Why Lightroom? Well, I bought ver. 1 a while back - and didn't understand it. Virtual pictures? What's that all about? So I gave up. Then after a while I started to find a use for it and used it to import, tart up my images and export back into Bridge in Photoshop. My most useful find was combining some 360 panoramic images I created using PT Gui and using the 'presets' in 'develop' in Lightroom to give some old photo technique look to them. Then i upgraded to ver 2. Didn't seem much of a change there though. So I plodded on and got a bit more use from it (but still not fully understanding it) and have basically used it in the same way - to import images, dress them up, export back into Bridge. I think what I wanted and maybe what other photographers want, is to be able to import straight into Lightroom, clean, sharpen, control contrast/brightness etc and then save in to a main library which in my case is Bridge. Ver 2 couldn't do that but I heard on the grapevine that ver 3 could. So I took the plunge last week and downloaded a discounted copy from Adobe. After checking all the import boxes and installing, when I came to look in my library or catalogue as it is called, instead of the 3500 images I have in ver 2, there were about 90 that had imported.

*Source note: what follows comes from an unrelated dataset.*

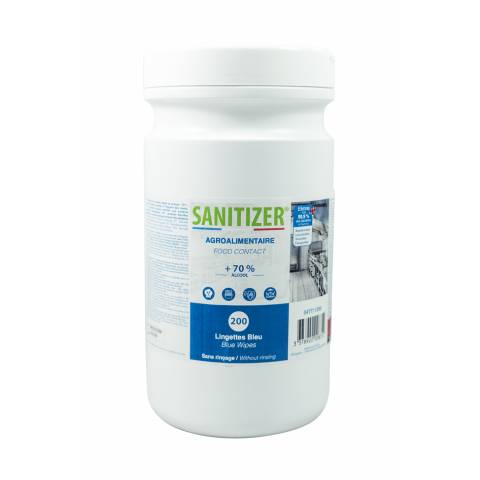 LINGETTES DESINFECTANTES AGROALIMENTAIRES POT DE 200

I did a bit of digging around on the internet and found that I have probably imported images from the Beta copy I tried for 30 days. So why didn't Lightroom 3 over-write ver 2 and transfer all my library across? Why couldn't that information be added to the installation process that my images might not transfer and give me the option to correct it? Looks like I have to start from scratch again and re-import everything, due to the fact I am dealing with two separate catalogues. So I still don't understand it! Unless anyone out there reading this can put me on the right track. Thanks in anticipation.